2. Since no packets are processed, no Rx completions are generated.
3. Because no completions occur, NAPI is never scheduled, preventing
the refill loop from running again even after memory is freed.
This results in a permanent queue stall.
Resolve this by introducing a starvation recovery timer for each Rx queue.
If the number of buffers posted to hardware falls below a critical low
threshold, start a timer to periodically reschedule NAPI. Once NAPI runs
and successfully refills the queue above the threshold, the timer is
not rescheduled.
Also add a new ethtool statistic "rx_critical_low_bufs" to track the
number of times the starvation recovery timer is triggered.

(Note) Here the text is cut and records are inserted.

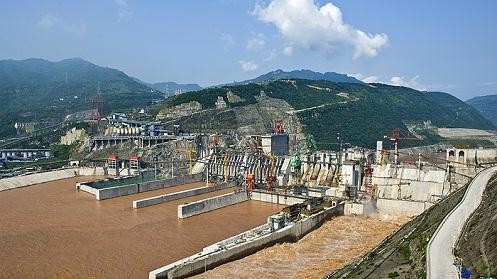 向家壩水電站10月16日成功實現初期蓄水目標——各減壓閥運行情況正常 向家壩水電站10月16日成功實現初期蓄水目標——各減壓閥運行情況正常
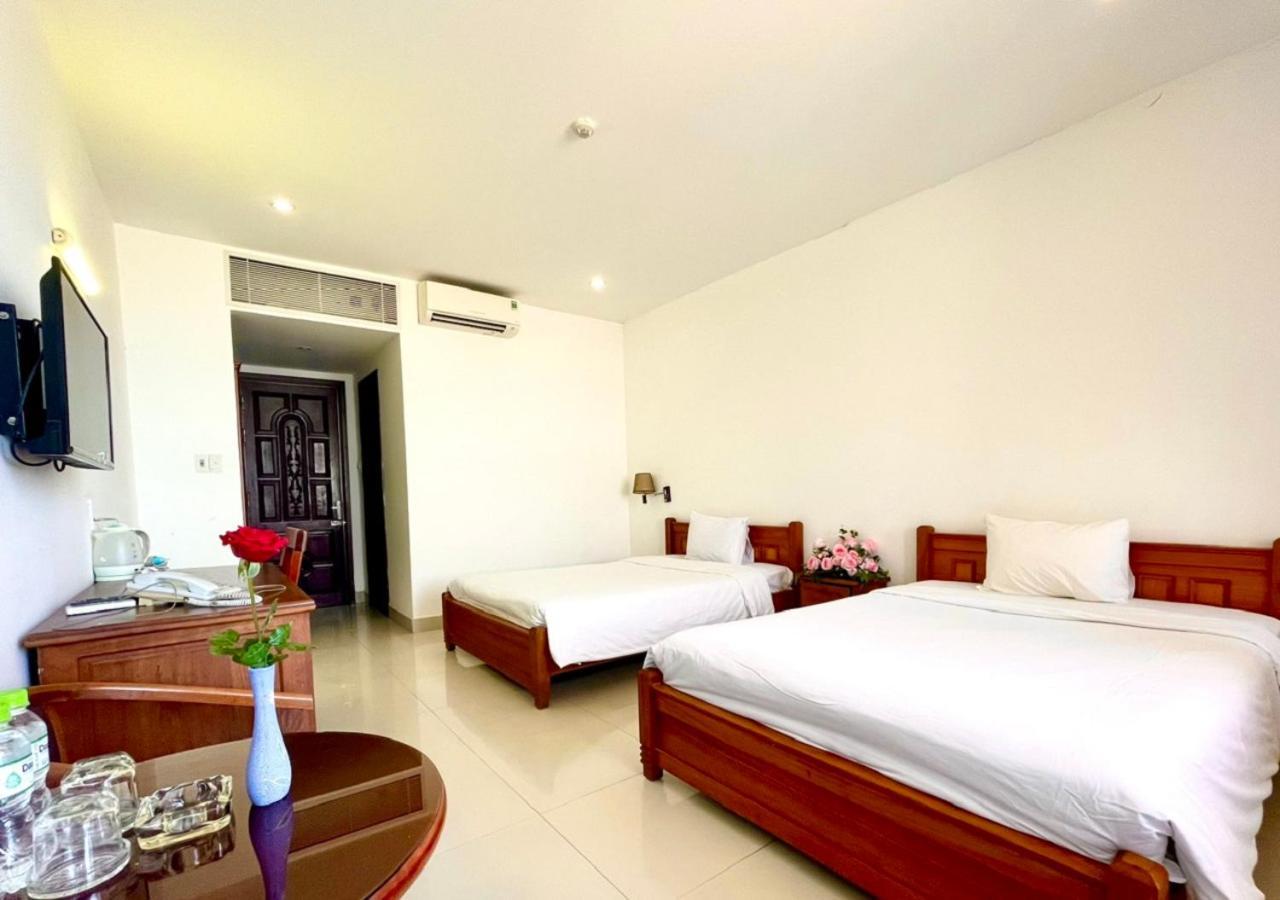 My Khe 2 Da Nang Seafront Hotel Buitenkant foto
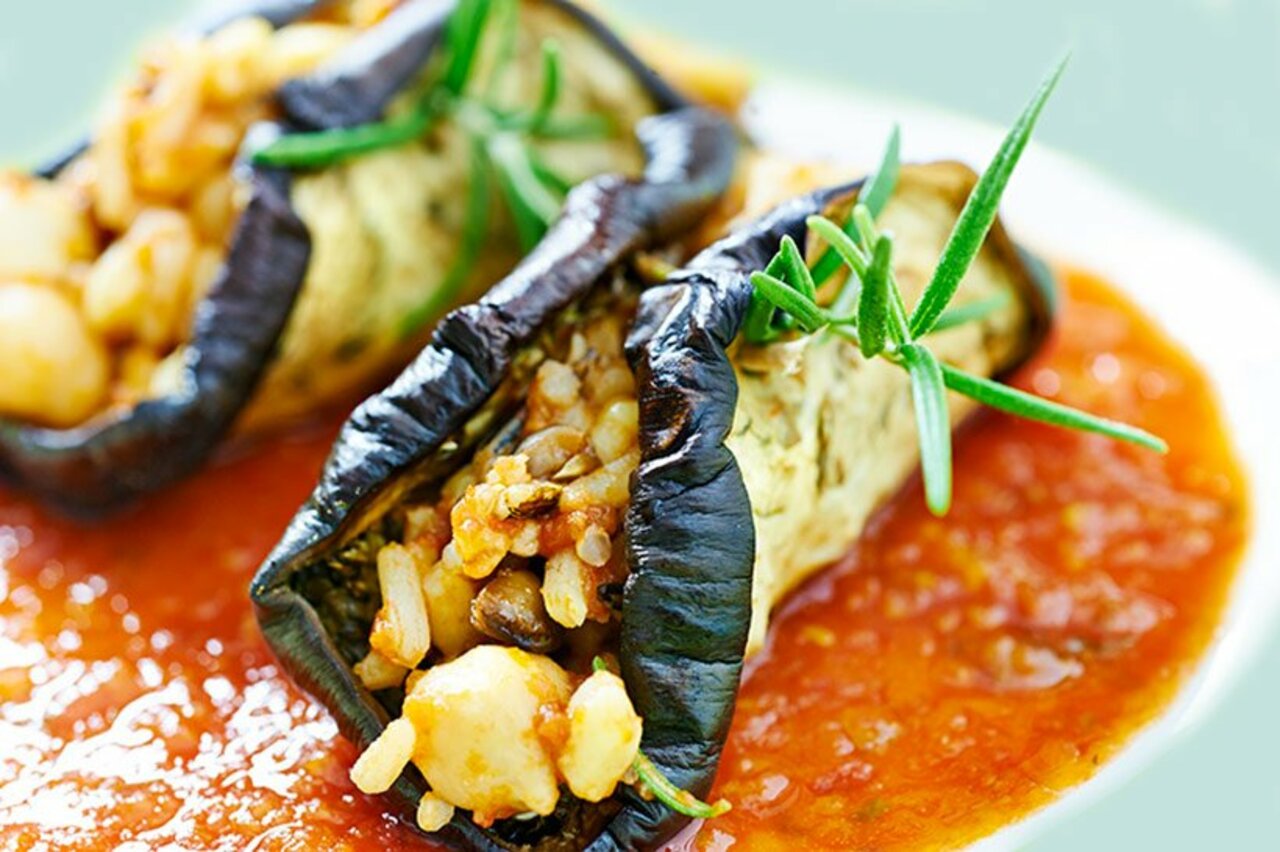 Eggplant boats with cereals and legumes sailing in a red tomato sea http://www.chiantilife.wine/en/eggplant-boats-cereals-legumes/ #food #tuscany https://t.co/nHrpepbVwi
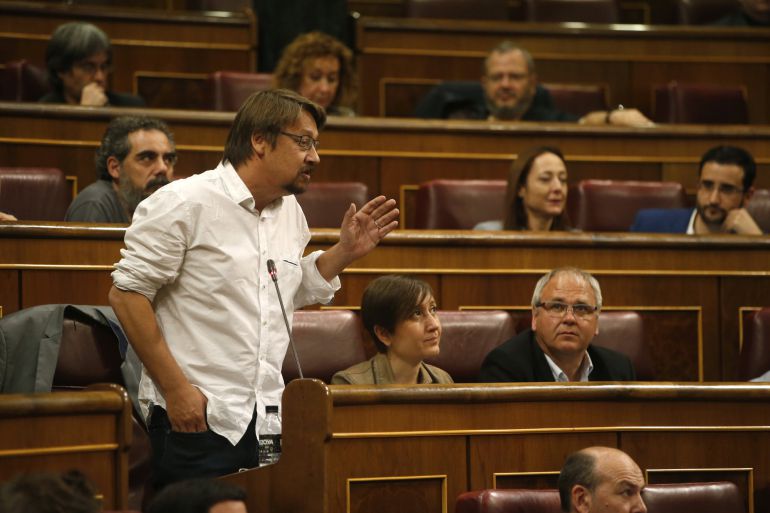 El diputado de En Comú Podem Xavier Domènech interviene en la sesión de control al Ejecutivo El diputado de En Comú Podem Xavier Domènech interviene en la sesión de control al Ejecutivo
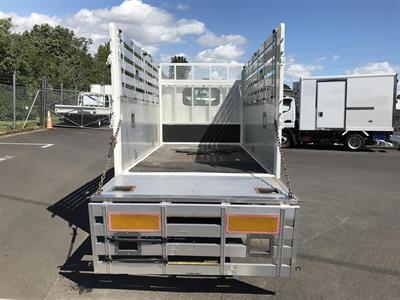 2012 Isuzu Elf - Thumbnail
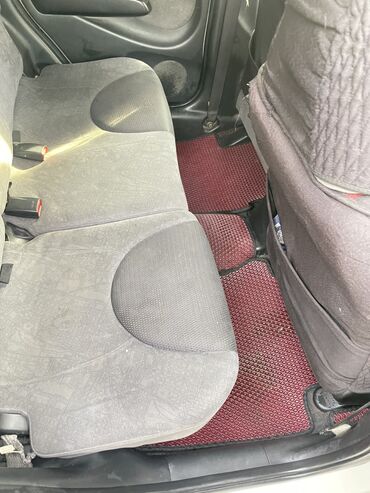 Honda: Honda Fit: 2004 г., 1.3 л, Вариатор, Бензин, Хэтчбэк — 8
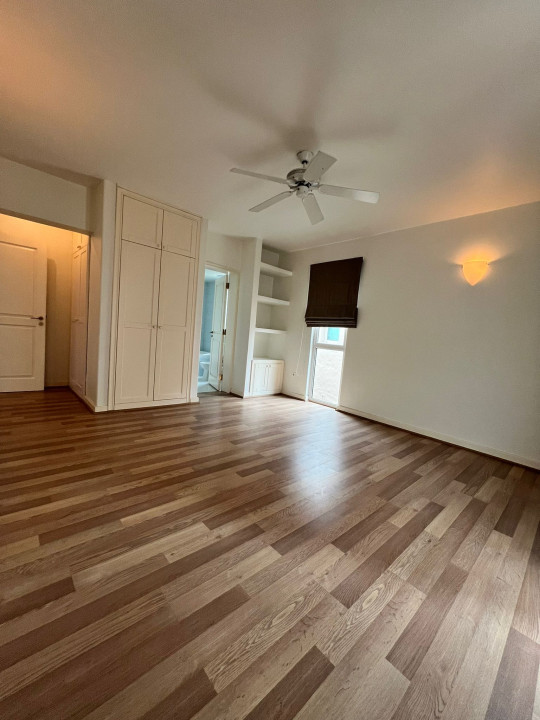 Villa for Sale in Zinj Image #9886 1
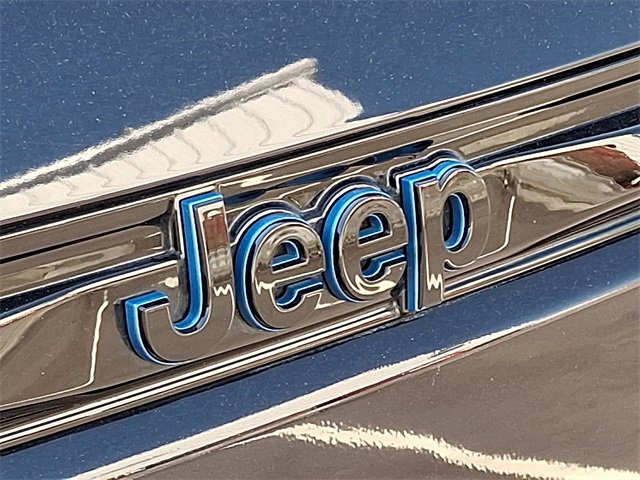 Used 2022 Jeep Grand Cherokee Trailhawk w/ Advanced Protech Group II image 26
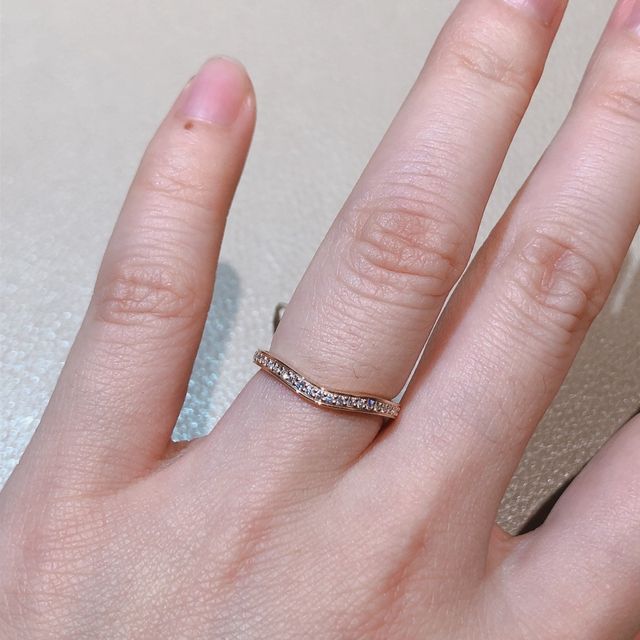 【カルティエ(Cartier)の口コミ】 やはり王道ブランドということもあり、着用時はとてもワクワクしました。
…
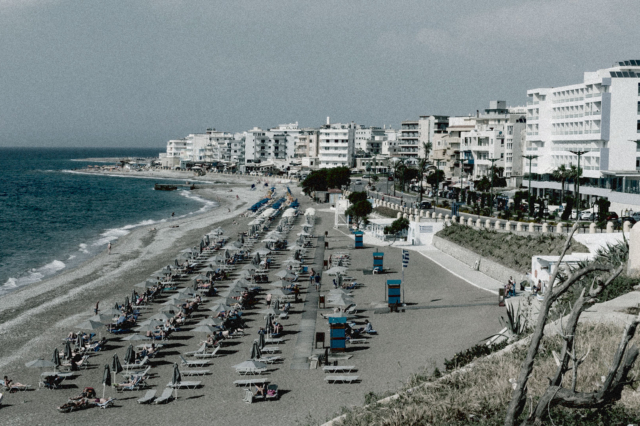 Όχι αιγιαλοί, όχι ελεύθερη πρόσβαση σε θάλασσες και ακτές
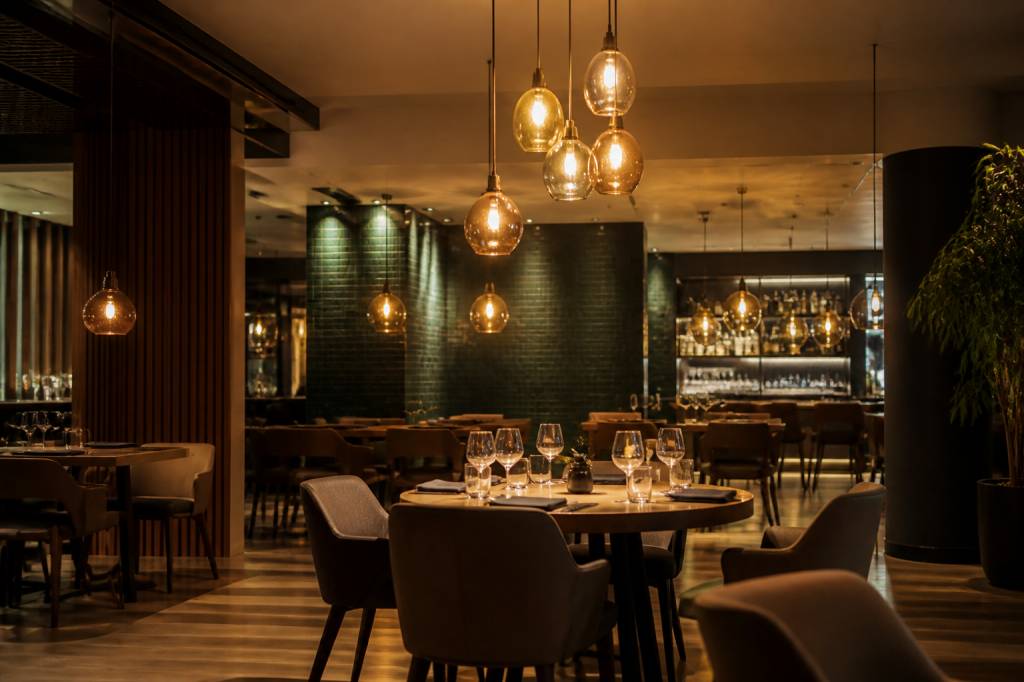 Luminaires intérieurs pour restaurant : comment allier style, confort et efficacité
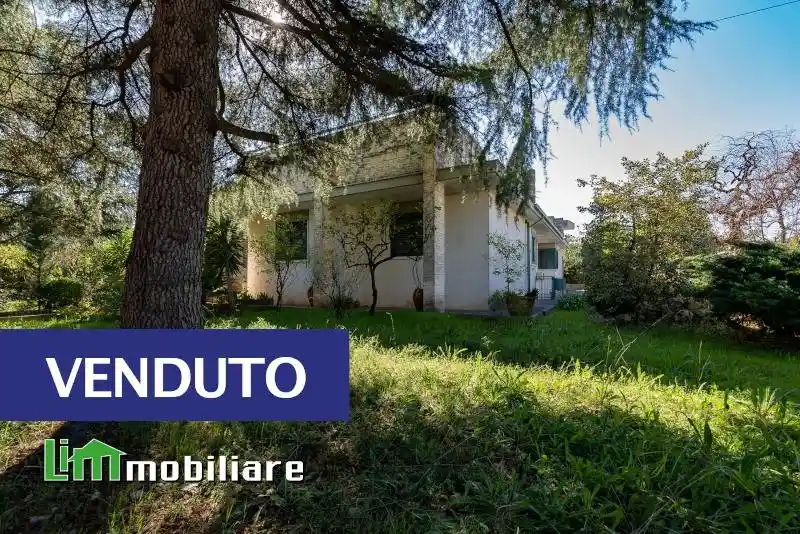 Villa in vendita a Bitetto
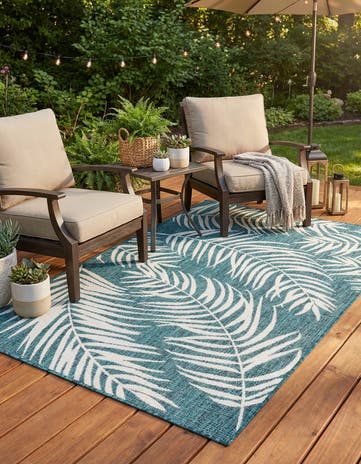 4' x 6' Easy-Clean Botanical Indoor / Outdoor Rug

Cc: stable@vger.kernel.org
Fixes: 9b8dd5e5ea48 ("gve: DQO: Add RX path")
Reviewed-by: Jordan Rhee <jordanrhee@google.com>
Signed-off-by: Eddie Phillips <eddiephillips@google.com>
Signed-off-by: Harshitha Ramamurthy <hramamurthy@google.com>
---
drivers/net/ethernet/google/gve/gve.h | 4 ++++
drivers/net/ethernet/google/gve/gve_ethtool.c | 14 +++++++++++++-
drivers/net/ethernet/google/gve/gve_rx_dqo.c | 32 ++++++++++++++++++++++++++++++++
3 files changed, 49 insertions(+), 1 deletion(-)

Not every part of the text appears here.